▶ Your task
The full listing should be reproduced exactly as it appears.
[[ Information provided open ]]
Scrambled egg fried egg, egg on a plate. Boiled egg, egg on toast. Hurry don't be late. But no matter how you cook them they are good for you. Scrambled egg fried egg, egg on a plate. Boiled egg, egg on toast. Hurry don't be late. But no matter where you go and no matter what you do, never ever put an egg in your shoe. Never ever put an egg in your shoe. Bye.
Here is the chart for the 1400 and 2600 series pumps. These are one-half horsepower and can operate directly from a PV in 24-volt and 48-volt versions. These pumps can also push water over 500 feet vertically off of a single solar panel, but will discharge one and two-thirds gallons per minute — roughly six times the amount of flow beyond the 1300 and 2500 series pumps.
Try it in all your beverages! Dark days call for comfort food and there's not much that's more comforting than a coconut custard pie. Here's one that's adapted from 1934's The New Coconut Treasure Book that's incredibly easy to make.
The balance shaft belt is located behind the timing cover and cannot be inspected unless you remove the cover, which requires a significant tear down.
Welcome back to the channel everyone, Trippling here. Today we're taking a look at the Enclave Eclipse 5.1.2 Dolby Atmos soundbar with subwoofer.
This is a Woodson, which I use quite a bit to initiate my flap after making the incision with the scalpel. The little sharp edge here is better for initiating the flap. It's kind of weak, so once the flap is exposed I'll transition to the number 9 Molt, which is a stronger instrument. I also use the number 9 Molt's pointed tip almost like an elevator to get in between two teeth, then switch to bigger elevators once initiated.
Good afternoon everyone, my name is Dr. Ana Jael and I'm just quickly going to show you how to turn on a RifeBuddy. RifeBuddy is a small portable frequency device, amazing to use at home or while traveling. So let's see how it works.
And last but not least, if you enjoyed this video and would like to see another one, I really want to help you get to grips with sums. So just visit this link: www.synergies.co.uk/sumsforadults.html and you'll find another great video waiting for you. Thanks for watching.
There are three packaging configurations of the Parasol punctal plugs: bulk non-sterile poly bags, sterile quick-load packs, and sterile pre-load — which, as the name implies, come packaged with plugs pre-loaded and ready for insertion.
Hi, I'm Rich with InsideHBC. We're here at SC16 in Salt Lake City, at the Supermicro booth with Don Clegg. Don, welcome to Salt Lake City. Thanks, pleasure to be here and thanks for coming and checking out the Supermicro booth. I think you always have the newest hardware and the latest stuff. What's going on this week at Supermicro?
[[ Information provided closed ]]
▶ Reply
Scrambled egg fried egg, egg on a plate. Boiled egg, egg on toast. Hurry don't be late. But no matter how you cook them they are good for you. Scrambled egg fried egg, egg on a plate. Boiled egg, egg on toast. Hurry don't be late. But no matter where you go and no matter what you do, never ever put an egg in your shoe. Never ever put an egg in your shoe. Bye.
Here is the chart for the 1400 and 2600 series pumps. These are one-half horsepower and can operate directly from a PV in 24-volt and 48-volt versions. These pumps can also push water over 500 feet vertically off of a single solar panel, but will discharge one and two-thirds gallons per minute — roughly six times the amount of flow beyond the 1300 and 2500 series pumps.
Try it in all your beverages! Dark days call for comfort food and there's not much that's more comforting than a coconut custard pie. Here's one that's adapted from 1934's The New Coconut Treasure Book that's incredibly easy to make.
The balance shaft belt is located behind the timing cover and cannot be inspected unless you remove the cover, which requires a significant tear down.
Welcome back to the channel everyone, Trippling here. Today we're taking a look at the Enclave Eclipse 5.1.2 Dolby Atmos soundbar with subwoofer.
This is a Woodson, which I use quite a bit to initiate my flap after making the incision with the scalpel. The little sharp edge here is better for initiating the flap. It's kind of weak, so once the flap is exposed I'll transition to the number 9 Molt, which is a stronger instrument. I also use the number 9 Molt's pointed tip almost like an elevator to get in between two teeth, then switch to bigger elevators once initiated.
Good afternoon everyone, my name is Dr. Ana Jael and I'm just quickly going to show you how to turn on a RifeBuddy. RifeBuddy is a small portable frequency device, amazing to use at home or while traveling. So let's see how it works.
And last but not least, if you enjoyed this video and would like to see another one, I really want to help you get to grips with sums. So just visit this link: www.synergies.co.uk/sumsforadults.html and you'll find another great video waiting for you. Thanks for watching.
There are three packaging configurations of the Parasol punctal plugs: bulk non-sterile poly bags, sterile quick-load packs, and sterile pre-load — which, as the name implies, come packaged with plugs pre-loaded and ready for insertion.
Hi, I'm Rich with InsideHBC. We're here at SC16 in Salt Lake City, at the Supermicro booth with Don Clegg. Don, welcome to Salt Lake City. Thanks, pleasure to be here and thanks for coming and checking out the Supermicro booth. I think you always have the newest hardware and the latest stuff. What's going on this week at Supermicro?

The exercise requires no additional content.